Conseguentemente, il vizio di proporzionalità del licenziamento rientra integralmente nelle ipotesi soggette al regime sanzionatorio generale previsto dall'art. 3, comma 1, del D. Lgs. n. 23/2015 che esclude la reintegrazione e prevede la condanna al pagamento di un'indennità non assoggettata a contribuzione, commisurata all'anzianità di servizio.

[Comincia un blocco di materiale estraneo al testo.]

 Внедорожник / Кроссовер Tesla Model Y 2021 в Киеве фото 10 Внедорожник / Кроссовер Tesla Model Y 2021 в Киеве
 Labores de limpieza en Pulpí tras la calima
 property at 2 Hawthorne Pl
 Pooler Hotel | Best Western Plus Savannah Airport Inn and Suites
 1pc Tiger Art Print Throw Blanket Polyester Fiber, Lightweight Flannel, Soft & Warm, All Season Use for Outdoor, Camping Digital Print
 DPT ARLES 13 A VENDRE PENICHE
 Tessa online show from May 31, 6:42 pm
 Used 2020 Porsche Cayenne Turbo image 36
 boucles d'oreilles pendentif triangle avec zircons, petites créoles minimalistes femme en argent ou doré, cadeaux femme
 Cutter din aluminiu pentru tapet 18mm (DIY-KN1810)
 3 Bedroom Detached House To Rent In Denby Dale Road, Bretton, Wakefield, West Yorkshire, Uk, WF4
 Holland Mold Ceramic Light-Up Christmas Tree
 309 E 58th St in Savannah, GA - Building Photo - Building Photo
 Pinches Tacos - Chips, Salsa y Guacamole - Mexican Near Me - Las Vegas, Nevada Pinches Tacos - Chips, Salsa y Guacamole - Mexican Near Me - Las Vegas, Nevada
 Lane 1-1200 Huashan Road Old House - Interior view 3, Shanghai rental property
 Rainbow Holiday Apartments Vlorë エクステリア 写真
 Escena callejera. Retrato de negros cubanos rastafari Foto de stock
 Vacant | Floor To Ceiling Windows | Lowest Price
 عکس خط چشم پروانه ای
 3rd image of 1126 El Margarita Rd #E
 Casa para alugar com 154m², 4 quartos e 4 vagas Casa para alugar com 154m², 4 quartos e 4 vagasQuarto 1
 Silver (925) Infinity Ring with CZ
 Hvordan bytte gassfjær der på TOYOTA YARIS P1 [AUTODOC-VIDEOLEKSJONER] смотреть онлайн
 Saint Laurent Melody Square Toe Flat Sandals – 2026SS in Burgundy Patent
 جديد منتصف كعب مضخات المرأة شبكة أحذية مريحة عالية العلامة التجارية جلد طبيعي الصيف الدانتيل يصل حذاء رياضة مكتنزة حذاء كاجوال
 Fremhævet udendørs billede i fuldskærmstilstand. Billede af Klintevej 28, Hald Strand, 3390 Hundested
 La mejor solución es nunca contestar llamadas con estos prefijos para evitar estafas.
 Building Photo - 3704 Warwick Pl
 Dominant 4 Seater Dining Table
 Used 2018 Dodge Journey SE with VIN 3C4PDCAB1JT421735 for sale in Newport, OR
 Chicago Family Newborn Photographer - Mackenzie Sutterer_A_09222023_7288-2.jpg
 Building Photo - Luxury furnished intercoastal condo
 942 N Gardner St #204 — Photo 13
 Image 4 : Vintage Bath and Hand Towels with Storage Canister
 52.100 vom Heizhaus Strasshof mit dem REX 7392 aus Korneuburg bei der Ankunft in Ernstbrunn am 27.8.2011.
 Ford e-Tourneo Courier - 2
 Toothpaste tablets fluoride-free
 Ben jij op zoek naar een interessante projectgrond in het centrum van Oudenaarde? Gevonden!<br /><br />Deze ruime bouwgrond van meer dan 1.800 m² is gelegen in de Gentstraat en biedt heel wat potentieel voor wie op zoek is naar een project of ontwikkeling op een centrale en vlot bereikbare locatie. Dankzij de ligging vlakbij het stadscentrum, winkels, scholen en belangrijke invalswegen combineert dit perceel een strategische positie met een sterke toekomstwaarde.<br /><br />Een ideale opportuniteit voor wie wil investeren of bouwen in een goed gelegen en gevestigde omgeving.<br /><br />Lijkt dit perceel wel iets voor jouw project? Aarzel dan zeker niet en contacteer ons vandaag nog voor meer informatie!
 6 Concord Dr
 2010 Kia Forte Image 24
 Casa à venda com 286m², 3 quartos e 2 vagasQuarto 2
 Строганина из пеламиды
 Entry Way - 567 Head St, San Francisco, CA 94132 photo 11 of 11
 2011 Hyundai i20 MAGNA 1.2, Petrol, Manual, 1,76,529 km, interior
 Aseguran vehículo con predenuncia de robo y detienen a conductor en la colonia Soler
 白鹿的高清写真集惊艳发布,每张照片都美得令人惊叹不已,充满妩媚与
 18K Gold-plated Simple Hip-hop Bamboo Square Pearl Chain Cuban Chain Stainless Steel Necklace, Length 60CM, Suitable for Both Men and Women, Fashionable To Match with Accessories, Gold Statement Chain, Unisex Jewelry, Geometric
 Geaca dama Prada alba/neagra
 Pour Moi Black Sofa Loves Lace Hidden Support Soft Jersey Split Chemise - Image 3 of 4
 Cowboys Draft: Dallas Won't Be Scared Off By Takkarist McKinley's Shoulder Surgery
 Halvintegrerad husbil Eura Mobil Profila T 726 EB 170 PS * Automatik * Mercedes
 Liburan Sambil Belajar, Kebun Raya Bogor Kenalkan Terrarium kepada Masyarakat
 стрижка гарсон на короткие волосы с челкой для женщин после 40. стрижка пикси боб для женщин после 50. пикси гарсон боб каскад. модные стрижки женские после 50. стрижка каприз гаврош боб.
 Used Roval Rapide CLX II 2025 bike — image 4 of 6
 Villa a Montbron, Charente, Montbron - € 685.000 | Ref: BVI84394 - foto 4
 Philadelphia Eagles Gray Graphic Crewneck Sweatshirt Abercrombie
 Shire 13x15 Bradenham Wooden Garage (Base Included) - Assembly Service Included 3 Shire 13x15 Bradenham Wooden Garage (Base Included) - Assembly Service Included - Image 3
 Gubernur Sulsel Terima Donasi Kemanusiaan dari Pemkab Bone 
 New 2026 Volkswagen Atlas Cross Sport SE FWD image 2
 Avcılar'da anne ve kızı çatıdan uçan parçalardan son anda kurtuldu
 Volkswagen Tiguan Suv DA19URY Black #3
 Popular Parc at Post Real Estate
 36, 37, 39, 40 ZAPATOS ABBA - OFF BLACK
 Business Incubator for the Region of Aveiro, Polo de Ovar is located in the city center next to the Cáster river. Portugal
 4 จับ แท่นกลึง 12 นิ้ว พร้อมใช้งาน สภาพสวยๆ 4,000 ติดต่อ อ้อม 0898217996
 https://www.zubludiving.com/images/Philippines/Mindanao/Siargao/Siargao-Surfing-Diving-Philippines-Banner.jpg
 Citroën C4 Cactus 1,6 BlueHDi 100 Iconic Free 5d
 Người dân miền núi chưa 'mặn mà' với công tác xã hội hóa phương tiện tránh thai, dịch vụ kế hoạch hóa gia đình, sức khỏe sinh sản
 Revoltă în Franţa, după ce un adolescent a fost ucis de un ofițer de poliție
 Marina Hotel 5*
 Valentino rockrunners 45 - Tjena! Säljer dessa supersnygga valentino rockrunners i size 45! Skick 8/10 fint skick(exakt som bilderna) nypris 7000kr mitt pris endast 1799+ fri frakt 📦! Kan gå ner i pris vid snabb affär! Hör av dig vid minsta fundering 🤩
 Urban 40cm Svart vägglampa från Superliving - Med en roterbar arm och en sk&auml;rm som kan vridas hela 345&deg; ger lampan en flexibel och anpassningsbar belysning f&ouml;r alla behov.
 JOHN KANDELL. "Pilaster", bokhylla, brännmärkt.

Sebbene limitatamente alle assunzioni effettuate successivamente all'entrata in vigore del Decreto Legislativo sulle tutele crescenti, ovvero effettuate a partire dal 07 marzo 2015, giunge così a compimento il processo di graduale contenimento della discrezionalità interpretativa sulla proporzionalità del licenziamento disciplinare. Occorrerà attendere le prime pronunce giurisprudenziali in materia, ma risulta chiarissima la scelta del legislatore sul licenziamento disciplinare: perseguire la certezza del diritto escludendo che l'eventuale vizio di proporzionalità del licenziamento possa dar luogo alla reintegrazione nel rapporto di lavoro.

Guida all'approfondimento

A. Maresca, Il nuovo regime sanzionatorio del licenziamento illegittimo: le modifiche all'art. 18 Statuto dei lavoratori, in Riv. it. dir. lav., Giuffrè, 2012, I, p.415 ss.

G. Amoroso - V. Di Cerbo - A. Maresca, Diritto del lavoro – Lo statuto dei lavoratori e la disciplina dei licenziamenti – Vol. II, Giuffrè, 2014, pp. 697 e ss.